上六。豐其屋。蔀其家。闚其戸、闃其无人。三歳不覿。凶。
象曰、豐其屋、天際翔也。闚其戸、闃其无人、自藏也。
○上六。其(その)屋(おく)を豐(おおい)にす。其(その)家(いえ)を蔀(おお)ふ。其(その)戸(こ)を闚(うかが)ふに、闃(げき)として其れ人无(な)し。三歳まで覿(み)ず。凶。
○象に曰く、其屋を豐にすとは、天(てん)際(さい)に翔(かけ)る也。其戸を闚(うかが)ふに、闃(げき)として其れ人无(な)しとは、自ら藏(かく)るる也。

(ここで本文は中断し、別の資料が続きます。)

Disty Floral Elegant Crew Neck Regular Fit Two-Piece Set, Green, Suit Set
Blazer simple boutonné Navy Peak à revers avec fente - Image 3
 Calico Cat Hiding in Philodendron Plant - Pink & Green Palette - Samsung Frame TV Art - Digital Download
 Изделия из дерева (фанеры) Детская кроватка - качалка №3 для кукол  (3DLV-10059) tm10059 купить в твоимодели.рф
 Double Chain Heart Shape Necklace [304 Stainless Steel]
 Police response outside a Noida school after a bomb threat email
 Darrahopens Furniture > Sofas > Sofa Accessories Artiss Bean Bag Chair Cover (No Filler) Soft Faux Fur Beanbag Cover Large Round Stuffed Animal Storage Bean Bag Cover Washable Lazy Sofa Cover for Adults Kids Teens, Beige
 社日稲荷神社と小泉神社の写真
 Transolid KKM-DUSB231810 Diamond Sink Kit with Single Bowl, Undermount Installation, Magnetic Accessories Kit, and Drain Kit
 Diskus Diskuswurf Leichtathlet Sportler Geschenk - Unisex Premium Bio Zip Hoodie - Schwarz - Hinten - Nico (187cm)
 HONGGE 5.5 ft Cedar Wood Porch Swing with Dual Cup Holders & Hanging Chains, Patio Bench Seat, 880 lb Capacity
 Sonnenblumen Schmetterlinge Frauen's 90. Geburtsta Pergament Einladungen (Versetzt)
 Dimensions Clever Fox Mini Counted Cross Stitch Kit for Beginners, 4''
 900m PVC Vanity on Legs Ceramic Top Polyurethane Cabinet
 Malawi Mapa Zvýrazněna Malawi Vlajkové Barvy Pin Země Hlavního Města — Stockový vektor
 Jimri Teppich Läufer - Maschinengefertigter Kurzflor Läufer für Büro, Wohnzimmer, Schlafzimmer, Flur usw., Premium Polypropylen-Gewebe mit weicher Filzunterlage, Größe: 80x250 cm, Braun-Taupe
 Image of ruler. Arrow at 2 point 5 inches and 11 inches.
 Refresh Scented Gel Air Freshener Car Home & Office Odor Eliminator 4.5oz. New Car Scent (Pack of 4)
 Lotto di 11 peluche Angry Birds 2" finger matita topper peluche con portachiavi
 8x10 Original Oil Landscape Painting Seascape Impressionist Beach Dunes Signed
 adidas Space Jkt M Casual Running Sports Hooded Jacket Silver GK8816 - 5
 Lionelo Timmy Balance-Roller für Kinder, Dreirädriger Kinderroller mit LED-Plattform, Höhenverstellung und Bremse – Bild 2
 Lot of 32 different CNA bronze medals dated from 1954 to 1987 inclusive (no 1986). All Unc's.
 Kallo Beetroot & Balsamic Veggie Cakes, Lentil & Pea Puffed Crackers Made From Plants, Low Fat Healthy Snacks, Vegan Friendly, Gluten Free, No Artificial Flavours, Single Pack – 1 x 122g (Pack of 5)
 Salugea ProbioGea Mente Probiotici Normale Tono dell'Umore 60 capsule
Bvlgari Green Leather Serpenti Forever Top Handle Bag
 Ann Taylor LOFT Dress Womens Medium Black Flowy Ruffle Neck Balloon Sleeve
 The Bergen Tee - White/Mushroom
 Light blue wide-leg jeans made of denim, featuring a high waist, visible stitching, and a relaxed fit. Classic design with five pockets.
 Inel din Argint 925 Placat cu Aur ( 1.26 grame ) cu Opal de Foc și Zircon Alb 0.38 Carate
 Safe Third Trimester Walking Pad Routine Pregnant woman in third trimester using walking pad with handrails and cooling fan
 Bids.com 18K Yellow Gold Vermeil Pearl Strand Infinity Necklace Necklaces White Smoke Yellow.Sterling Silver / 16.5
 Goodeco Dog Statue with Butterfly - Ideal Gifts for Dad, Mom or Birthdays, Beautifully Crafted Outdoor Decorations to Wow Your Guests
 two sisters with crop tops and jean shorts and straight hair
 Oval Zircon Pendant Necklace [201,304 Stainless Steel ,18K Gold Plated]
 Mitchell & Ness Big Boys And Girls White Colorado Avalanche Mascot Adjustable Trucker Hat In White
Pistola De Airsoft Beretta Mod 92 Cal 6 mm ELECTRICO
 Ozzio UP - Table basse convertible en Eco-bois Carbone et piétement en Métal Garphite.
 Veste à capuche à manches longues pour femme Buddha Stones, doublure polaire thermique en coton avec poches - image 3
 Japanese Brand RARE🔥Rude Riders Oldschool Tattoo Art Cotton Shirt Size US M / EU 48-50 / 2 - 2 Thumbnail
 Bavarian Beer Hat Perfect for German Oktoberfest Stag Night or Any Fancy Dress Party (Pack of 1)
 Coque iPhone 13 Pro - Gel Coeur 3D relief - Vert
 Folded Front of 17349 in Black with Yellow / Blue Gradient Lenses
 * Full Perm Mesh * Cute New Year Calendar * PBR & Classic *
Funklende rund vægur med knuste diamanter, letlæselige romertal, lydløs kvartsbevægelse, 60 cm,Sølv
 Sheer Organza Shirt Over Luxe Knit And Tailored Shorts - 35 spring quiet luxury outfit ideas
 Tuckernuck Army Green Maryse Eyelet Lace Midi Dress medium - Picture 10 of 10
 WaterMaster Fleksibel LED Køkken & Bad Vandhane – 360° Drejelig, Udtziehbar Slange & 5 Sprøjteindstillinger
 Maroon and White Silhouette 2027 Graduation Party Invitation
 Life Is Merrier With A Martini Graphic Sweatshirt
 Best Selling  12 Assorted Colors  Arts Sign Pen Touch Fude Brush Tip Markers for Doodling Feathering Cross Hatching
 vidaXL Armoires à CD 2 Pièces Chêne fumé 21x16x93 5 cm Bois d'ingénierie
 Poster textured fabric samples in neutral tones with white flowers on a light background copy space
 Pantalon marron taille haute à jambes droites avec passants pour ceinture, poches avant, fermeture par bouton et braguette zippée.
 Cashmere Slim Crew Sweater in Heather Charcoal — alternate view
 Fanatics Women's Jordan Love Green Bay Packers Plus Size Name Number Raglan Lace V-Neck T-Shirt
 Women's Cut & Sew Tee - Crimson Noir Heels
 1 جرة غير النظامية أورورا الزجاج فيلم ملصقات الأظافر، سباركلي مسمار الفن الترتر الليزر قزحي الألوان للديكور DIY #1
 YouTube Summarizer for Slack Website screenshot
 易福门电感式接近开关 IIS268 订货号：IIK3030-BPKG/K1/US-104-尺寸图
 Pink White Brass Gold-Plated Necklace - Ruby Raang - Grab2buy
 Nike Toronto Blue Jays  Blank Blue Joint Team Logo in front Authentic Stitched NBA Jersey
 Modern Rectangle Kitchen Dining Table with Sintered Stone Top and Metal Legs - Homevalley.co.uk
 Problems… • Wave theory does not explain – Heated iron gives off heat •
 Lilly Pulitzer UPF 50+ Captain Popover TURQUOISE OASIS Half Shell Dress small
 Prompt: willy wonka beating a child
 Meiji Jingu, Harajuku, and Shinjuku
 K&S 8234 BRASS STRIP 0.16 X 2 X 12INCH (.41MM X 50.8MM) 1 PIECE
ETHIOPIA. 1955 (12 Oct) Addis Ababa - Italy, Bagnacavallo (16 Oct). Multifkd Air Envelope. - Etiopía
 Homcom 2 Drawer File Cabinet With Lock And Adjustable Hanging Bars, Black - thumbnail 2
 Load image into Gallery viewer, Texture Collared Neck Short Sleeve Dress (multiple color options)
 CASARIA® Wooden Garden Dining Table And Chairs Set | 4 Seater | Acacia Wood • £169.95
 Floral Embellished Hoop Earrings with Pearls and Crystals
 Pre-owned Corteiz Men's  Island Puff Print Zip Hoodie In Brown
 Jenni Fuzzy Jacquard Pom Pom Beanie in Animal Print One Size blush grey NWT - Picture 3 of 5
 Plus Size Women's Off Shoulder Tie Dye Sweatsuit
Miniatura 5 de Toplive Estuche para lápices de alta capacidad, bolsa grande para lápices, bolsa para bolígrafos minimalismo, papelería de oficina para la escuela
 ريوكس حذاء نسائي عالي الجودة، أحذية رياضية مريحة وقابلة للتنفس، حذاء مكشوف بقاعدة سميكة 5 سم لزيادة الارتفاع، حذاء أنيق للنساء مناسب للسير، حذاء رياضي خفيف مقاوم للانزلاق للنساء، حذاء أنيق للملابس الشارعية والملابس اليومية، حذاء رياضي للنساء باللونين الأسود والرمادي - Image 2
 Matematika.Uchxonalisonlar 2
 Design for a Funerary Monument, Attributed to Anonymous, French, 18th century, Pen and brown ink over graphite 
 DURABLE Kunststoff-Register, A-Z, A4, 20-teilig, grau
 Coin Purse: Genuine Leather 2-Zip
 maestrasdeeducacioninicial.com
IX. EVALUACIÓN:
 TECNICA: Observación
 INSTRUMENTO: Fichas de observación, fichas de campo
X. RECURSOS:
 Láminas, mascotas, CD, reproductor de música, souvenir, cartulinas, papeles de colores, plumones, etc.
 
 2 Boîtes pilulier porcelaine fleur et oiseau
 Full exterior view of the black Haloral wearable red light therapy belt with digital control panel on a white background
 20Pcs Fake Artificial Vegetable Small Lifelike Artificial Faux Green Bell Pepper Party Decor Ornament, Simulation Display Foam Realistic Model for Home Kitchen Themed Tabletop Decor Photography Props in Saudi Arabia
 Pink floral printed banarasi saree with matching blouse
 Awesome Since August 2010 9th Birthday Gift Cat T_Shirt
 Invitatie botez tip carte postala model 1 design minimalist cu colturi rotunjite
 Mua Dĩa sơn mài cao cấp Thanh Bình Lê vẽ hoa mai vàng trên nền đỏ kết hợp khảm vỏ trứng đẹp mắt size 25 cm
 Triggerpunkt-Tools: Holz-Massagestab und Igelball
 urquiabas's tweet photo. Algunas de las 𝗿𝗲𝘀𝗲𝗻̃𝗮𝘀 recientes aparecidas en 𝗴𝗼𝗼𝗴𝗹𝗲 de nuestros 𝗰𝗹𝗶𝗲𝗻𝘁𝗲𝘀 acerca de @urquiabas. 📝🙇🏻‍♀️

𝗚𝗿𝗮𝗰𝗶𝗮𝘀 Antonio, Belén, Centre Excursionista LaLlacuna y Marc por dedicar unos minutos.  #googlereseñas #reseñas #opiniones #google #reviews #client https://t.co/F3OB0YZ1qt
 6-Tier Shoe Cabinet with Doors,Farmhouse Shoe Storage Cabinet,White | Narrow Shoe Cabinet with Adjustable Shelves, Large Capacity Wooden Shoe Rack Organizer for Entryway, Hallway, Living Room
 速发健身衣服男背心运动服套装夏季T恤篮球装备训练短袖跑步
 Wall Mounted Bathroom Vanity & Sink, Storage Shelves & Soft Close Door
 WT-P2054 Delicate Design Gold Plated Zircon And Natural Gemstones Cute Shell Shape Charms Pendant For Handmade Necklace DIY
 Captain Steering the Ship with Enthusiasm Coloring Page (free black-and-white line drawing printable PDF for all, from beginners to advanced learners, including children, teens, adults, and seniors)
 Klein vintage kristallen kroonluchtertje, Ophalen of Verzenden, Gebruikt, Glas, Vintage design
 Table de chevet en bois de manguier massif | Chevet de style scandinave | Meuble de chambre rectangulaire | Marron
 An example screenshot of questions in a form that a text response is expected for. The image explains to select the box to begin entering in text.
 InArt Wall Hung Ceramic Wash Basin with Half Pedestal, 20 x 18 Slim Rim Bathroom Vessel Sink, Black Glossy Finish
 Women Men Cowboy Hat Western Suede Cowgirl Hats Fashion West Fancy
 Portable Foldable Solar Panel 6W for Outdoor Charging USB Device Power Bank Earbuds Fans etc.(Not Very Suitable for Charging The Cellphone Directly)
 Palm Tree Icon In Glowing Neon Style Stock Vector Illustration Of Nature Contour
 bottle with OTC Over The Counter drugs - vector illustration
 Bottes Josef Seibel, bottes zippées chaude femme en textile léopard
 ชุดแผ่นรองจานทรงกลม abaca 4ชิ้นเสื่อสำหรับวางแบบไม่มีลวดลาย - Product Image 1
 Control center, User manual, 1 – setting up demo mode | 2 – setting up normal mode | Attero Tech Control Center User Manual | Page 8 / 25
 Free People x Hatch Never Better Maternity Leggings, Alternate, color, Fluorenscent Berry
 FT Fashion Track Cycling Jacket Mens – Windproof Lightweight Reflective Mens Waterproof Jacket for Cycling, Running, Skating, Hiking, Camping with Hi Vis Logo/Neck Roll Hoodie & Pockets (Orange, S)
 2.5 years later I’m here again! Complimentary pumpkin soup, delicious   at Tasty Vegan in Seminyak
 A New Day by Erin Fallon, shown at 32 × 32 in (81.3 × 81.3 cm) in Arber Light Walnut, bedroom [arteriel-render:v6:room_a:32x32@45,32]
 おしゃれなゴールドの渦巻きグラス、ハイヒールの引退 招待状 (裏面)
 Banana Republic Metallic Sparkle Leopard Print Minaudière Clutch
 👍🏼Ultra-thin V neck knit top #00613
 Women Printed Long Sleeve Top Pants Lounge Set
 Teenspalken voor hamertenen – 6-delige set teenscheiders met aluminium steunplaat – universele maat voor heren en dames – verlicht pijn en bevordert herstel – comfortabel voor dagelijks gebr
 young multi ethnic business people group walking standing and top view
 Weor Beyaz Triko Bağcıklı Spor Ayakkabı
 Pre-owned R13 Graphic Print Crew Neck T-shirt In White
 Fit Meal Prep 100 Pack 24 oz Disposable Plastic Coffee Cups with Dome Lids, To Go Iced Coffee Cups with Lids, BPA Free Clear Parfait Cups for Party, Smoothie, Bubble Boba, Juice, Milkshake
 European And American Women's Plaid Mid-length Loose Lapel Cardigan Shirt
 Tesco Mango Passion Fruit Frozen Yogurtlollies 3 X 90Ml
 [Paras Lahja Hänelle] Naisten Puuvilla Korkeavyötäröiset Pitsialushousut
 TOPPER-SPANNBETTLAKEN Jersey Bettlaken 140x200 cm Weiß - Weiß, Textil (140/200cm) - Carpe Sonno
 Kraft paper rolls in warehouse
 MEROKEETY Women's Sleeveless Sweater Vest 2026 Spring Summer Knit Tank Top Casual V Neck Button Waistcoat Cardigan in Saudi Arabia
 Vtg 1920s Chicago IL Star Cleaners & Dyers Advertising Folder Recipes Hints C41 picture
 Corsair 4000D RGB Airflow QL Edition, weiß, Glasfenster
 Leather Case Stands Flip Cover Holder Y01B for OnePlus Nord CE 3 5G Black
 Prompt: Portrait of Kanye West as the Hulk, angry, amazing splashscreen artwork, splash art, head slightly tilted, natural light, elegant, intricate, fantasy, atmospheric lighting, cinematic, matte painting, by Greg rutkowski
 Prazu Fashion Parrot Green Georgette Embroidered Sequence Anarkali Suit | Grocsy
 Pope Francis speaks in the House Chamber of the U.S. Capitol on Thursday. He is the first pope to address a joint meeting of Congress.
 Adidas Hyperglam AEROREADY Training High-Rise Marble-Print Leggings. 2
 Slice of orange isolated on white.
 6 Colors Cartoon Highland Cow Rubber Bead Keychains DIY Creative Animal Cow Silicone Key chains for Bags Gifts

 「其(その)屋(おく)を豐(おおい)にす」とは、自ら高慢になることである。「其(その)家(いえ)を蔀(おお)う」とは、自ら覆い隠すことである。豪華な屋敷を建てて高慢になることが、その家の人々を覆い隠すことになり、昼間なのに真っ暗闇になる。豊の時は昼間なのに真っ暗闇になる形をしている。世の中を真っ暗闇にするのは、六五と上六である。
 上六は暗黒の頭領である。世の中を真っ暗闇にするのは、自分自身が暗愚だからである。陰気な性格で自分を覆い隠してどんどん暗愚になり、それが人に及んで遂には世の中を真っ暗闇にしてしまう。救いようのない小人である。
 上六は六五の陰爻の上に居て豊の時の終局である。上卦震の動きが行き詰まって疲れが生じ、しーんと静まりかえっている。豊の盛大な勢いが行き詰まって真っ暗闇となり、衰退して凋落するのである。例えれば、お日さまが沈んで真っ暗になり、人も家も見えなくなった状態である。上六は高い所に居るので、そんな状況の中でも驕り高ぶって、さらに真っ暗闇になる。
 天下国家は暗黒社会となり、人々の心も真っ暗になる。これ以上暗くならないほど真っ暗である。どうにもこうにもならない状況なので「其(その)屋(おく)を豐(おおい)にす。其(その)家(いえ)を蔀(おお)う」と言うのである。
 驕り高ぶり自分のやりたい放題にする形である。上六は卦極に居て、誰も上六を助けてくれない。きわめて危ない状況である。それゆえ、「其(その)戸(こ)を闚(うかが)ふに、闃(げき)として其れ人无(な)し」と言う。
 どんなに時が経過しても、誰も助けてくれない。そのことを、「三歳まで覿(み)ず。凶」と言う。以上のようであるから、社会はますます暗黒となる。それゆえ凶なのである。
 象伝に「天(てん)際(さい)に翔(かけ)る也」とあるのは、明徳を喪失することである。天(てん)際(さい)とは明徳である。明徳が走って逃げていくのである。最上位に居て暗愚で高慢、誰の意見も聞こうとしないので衰運が頂点に達したのである。雷火豊の次は火山旅の時である。いつまでの豊の時は続かない。けれども上六は豊の極限であり暗黒社会の極みである。